In deze zaak gaat het om een hoger beroep betreffende de verdeling van zorg- en opvoedingstaken na de echtscheiding van de ouders van een tweeling, geboren in 2013. De moeder, verzoekster in hoger beroep, is het niet eens met de door de rechtbank Gelderland vastgestelde zorgregeling, die inhoudt dat de kinderen om de week van woensdag na school tot zondagavond bij de vader verblijven. De moeder verzoekt het hof om de bestreden beschikking te vernietigen en een zorgregeling vast te stellen die in het belang van de kinderen is.
De vader, verweerder in hoger beroep, verzoekt het hof de bestreden beschikking te bekrachtigen. Hij stelt dat de huidige regeling goed verloopt en dat de kinderen zich goed ontwikkelen. De raad voor de kinderbescherming adviseert om de huidige regeling te handhaven, omdat deze past bij de leeftijd van de kinderen en er geen zorgen zijn over hun ontwikkeling.

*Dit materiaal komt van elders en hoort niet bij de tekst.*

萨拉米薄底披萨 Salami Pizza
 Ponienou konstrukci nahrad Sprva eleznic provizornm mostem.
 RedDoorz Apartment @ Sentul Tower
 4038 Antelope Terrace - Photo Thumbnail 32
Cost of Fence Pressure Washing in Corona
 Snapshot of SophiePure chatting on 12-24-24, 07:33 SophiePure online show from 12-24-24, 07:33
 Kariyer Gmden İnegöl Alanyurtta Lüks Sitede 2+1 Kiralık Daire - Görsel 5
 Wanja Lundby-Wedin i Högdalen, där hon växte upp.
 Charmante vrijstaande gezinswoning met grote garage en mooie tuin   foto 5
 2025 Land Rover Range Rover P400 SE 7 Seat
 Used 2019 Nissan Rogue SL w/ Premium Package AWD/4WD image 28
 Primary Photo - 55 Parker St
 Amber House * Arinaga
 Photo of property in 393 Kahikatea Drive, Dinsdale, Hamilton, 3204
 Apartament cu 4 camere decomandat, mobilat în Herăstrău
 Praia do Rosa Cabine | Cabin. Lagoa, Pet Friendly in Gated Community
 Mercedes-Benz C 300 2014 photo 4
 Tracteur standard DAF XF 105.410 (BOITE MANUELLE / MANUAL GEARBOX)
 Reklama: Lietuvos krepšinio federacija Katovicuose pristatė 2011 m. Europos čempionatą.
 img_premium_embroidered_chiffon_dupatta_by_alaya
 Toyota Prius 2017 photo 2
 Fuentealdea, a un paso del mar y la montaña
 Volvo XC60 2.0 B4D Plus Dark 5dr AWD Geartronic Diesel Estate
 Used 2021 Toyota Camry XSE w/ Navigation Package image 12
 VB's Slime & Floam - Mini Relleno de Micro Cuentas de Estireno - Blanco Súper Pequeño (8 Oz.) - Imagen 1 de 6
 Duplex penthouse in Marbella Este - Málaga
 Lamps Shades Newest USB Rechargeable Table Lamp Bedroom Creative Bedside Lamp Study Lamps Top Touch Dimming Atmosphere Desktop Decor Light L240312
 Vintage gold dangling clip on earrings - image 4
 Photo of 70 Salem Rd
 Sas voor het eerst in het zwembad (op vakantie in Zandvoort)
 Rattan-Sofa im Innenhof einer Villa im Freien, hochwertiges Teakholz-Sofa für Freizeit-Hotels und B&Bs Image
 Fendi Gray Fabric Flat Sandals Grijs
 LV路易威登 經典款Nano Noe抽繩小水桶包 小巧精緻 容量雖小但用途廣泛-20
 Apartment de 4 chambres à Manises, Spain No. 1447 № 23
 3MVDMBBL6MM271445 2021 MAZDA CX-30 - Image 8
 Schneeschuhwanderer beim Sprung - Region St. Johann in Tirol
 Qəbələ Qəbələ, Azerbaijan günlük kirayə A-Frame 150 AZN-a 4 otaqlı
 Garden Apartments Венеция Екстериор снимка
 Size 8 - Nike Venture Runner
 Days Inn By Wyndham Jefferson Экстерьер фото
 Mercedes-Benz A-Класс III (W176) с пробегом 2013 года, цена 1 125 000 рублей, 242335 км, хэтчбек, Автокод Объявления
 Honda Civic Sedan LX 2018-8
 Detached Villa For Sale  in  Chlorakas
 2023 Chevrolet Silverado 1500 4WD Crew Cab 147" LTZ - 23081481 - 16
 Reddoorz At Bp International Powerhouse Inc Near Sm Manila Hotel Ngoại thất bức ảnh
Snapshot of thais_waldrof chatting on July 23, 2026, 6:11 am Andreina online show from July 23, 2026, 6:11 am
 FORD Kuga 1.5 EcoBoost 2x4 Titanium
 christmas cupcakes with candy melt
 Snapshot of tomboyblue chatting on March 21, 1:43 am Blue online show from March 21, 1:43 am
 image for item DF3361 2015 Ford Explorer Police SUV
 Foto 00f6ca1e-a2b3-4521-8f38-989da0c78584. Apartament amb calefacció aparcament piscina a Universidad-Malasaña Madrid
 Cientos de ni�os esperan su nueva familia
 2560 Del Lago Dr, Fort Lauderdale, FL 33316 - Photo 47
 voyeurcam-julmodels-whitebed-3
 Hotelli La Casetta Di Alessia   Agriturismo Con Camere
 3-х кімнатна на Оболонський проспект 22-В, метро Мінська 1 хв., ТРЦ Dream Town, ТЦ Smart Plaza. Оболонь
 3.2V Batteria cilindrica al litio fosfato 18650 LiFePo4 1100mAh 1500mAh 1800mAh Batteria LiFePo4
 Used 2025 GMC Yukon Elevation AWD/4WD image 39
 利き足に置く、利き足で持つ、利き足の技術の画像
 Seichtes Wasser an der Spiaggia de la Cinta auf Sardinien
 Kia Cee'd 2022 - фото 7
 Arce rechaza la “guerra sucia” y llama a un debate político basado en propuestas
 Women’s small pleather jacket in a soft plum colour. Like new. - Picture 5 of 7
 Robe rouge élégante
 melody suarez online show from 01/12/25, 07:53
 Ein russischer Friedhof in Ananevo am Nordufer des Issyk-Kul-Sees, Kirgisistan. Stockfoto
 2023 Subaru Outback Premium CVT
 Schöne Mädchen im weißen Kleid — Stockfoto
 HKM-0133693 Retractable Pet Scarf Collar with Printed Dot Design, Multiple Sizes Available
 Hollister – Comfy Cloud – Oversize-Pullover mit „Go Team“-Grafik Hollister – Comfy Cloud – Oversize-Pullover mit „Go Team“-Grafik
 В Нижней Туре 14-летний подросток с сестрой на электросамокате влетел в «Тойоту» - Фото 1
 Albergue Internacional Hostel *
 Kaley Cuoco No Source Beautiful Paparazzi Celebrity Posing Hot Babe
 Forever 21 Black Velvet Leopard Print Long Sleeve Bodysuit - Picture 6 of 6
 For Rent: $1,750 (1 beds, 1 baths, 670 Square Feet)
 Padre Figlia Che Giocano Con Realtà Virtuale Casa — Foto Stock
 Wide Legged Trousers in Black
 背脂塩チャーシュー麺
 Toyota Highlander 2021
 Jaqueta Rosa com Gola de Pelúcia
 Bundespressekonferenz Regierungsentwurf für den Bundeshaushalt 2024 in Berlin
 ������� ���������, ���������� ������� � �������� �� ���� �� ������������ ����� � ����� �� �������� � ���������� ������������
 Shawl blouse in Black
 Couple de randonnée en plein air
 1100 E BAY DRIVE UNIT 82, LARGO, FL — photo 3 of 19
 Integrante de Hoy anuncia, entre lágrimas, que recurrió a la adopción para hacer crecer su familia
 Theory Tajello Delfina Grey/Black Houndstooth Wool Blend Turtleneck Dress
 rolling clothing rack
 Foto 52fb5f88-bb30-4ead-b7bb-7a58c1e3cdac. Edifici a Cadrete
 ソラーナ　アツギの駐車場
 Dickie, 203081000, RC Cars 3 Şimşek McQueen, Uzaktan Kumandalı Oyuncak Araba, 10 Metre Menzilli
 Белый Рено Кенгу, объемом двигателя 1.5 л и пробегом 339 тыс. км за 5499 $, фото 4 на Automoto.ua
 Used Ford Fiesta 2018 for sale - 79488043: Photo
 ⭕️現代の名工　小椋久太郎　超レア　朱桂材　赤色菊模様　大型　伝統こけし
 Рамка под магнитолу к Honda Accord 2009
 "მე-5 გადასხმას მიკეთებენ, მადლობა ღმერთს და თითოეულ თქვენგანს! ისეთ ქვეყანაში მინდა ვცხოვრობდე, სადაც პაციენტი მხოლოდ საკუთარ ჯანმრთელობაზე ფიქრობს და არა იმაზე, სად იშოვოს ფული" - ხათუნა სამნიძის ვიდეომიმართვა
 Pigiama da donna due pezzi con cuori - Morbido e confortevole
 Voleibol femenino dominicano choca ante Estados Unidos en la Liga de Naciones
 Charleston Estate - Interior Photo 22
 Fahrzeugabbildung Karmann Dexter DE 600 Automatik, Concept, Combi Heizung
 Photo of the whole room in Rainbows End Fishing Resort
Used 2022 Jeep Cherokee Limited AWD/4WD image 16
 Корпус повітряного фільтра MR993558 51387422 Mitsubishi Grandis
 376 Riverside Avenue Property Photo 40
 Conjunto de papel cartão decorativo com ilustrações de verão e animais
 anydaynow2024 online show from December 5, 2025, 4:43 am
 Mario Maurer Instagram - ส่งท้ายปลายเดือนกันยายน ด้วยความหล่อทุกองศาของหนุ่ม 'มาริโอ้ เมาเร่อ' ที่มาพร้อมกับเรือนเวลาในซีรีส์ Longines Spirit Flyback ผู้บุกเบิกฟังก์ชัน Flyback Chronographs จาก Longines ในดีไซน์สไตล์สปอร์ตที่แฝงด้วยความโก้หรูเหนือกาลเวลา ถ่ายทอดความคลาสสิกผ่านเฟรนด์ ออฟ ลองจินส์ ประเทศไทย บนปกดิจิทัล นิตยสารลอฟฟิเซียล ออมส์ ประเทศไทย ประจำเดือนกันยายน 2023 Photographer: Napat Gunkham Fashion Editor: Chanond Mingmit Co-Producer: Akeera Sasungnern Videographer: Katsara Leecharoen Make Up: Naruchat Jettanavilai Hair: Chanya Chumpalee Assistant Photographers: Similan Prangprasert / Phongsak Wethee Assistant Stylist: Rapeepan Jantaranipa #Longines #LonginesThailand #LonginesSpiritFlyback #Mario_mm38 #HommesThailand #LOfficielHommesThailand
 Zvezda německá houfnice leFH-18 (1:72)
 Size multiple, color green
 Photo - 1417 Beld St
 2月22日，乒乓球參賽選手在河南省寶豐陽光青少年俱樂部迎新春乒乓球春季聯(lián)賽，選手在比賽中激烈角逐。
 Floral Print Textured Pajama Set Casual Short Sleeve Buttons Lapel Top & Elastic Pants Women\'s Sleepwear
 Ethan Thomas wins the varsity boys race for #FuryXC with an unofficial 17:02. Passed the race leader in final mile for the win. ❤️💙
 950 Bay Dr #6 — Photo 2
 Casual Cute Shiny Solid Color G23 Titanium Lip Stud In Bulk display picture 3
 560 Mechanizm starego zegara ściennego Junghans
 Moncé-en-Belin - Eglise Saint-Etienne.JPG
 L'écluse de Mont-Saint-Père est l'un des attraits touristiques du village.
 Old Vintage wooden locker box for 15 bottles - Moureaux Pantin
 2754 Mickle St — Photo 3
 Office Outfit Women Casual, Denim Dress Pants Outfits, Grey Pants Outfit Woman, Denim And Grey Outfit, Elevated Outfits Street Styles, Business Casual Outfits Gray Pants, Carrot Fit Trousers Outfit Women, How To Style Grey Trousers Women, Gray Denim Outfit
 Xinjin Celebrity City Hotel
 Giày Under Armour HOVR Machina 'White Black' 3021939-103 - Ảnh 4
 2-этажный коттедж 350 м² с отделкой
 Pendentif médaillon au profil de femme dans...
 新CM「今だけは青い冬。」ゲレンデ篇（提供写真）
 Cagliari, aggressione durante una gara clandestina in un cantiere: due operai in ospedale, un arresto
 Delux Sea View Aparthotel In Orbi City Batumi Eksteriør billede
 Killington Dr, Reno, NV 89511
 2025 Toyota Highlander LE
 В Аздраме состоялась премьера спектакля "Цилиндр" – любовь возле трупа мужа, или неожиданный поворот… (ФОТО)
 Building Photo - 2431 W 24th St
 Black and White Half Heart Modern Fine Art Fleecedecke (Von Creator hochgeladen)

Het hof overweegt dat de regeling die door de rechtbank is vastgesteld al geruime tijd wordt uitgevoerd en dat beide ouders zich inspannen om de communicatie te verbeteren. Het hof concludeert dat de kinderen in staat zijn om de huidige zorgregeling aan te kunnen en dat het in hun belang is dat beide ouders een wezenlijk aandeel hebben in hun opvoeding. Het hof bekrachtigt daarom de bestreden beschikking en wijst het meer of anders verzochte af.